**About this exercise:**
This exercise asks for a copy of each line in the records below with the word "Game" in it.

**Data to use:**
▬▬▬▬▬▬▬▬▬▬
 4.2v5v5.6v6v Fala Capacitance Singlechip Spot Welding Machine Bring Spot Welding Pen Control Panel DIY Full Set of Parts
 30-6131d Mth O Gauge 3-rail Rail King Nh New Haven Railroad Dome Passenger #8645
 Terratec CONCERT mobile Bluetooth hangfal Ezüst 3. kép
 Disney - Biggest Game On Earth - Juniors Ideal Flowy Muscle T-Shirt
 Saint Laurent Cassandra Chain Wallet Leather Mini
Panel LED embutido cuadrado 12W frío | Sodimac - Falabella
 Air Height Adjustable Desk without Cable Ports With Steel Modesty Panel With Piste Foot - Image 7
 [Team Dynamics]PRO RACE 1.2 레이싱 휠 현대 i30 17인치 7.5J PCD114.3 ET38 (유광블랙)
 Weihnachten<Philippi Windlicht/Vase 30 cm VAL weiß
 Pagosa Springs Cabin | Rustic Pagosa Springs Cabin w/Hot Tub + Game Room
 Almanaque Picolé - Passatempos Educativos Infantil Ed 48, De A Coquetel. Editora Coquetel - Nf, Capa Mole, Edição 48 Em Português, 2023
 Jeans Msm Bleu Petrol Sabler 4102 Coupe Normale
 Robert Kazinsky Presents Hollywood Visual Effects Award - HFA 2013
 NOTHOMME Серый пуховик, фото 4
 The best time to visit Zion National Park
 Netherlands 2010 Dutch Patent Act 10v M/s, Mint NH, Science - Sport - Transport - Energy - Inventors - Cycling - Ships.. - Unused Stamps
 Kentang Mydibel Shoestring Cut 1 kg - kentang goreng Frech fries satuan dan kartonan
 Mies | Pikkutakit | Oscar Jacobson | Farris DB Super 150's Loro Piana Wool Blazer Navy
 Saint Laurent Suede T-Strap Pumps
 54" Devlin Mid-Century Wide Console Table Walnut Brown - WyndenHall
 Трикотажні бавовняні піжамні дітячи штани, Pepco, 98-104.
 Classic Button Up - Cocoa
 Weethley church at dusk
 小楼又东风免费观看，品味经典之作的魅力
▬▬▬▬▬▬▬▬▬▬
**Result:**
 Disney - Biggest Game On Earth - Juniors Ideal Flowy Muscle T-Shirt
 Pagosa Springs Cabin | Rustic Pagosa Springs Cabin w/Hot Tub + Game Room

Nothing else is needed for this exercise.